The problem -
Skip the pictures. Quote every line below, exactly, from the one with "куртка косуха,косуха кожаная" through the final line.

The input -
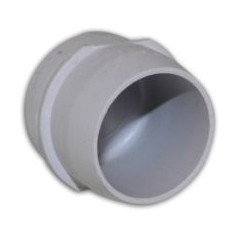 Embout AIR'metic de gaine d25 EUR52079 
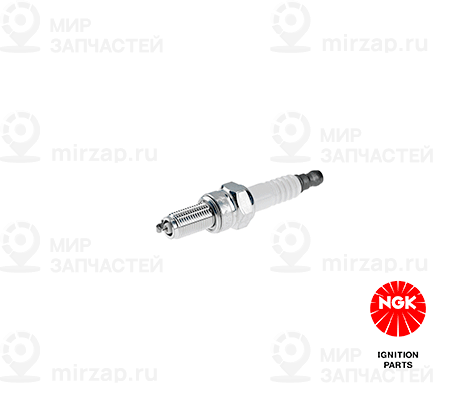 Свеча зажигания NGK 91360
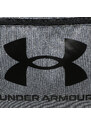 Taška Under Armour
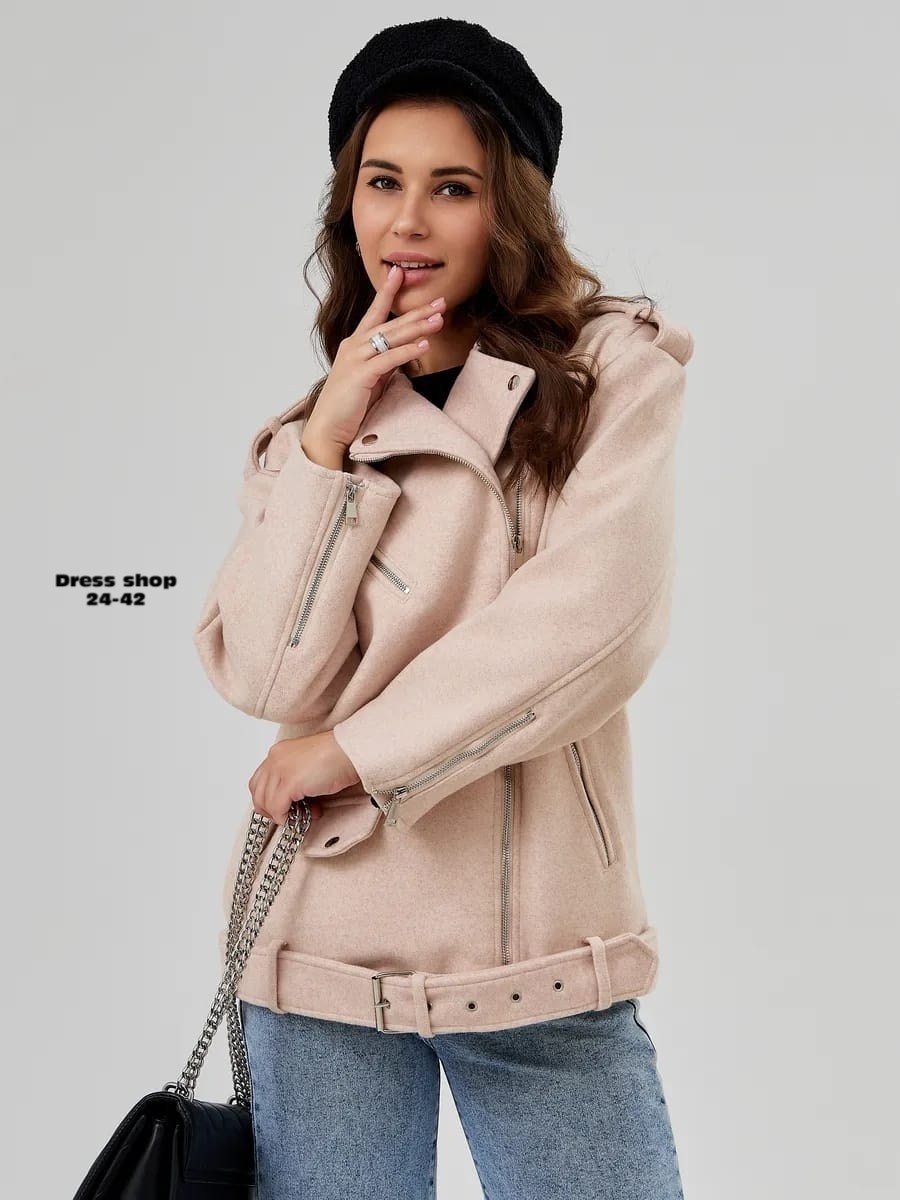 куртка косуха,косуха кожаная куртка оверсайз,куртка косуха оверсайз,куртка косуха женская,куртка женская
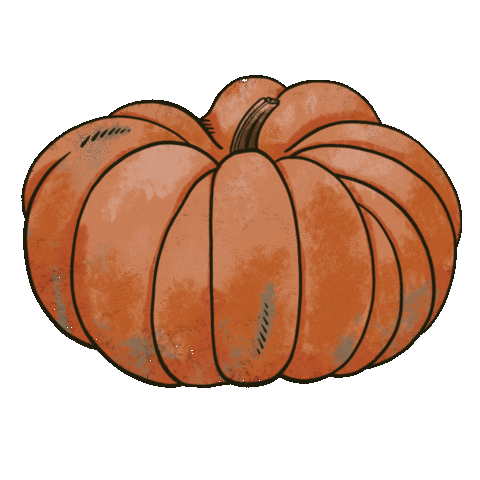 Halloween Sticker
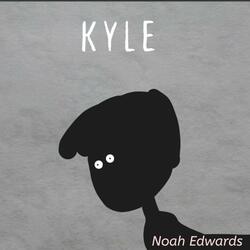 Kyle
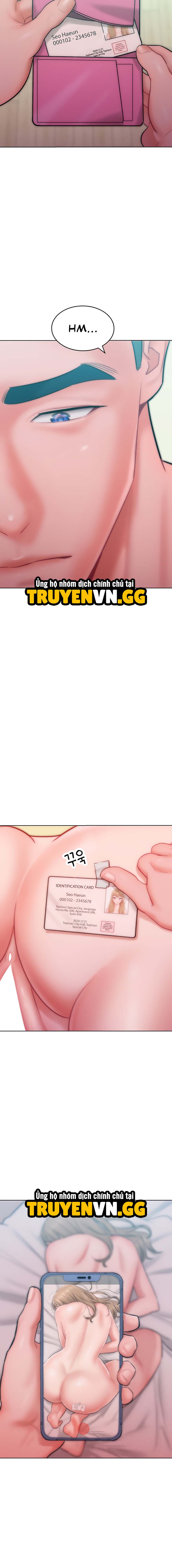 lam-em-phuc-tung-chap-27-12 integer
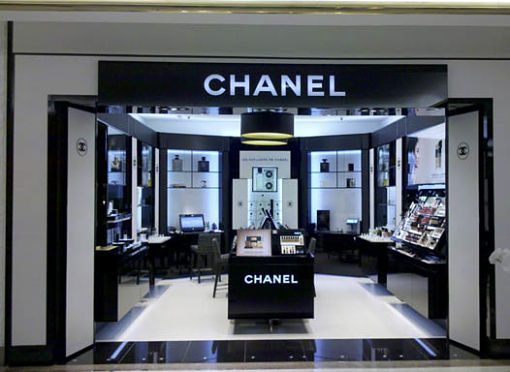Diseno-de-locales-comerciales-de-lujo-Chanel-Estudio-Birka-6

Solution for this exercise -
 куртка косуха,косуха кожаная куртка оверсайз,куртка косуха оверсайз,куртка косуха женская,куртка женская
 Halloween Sticker
 Kyle
 lam-em-phuc-tung-chap-27-12 integer
Diseno-de-locales-comerciales-de-lujo-Chanel-Estudio-Birka-6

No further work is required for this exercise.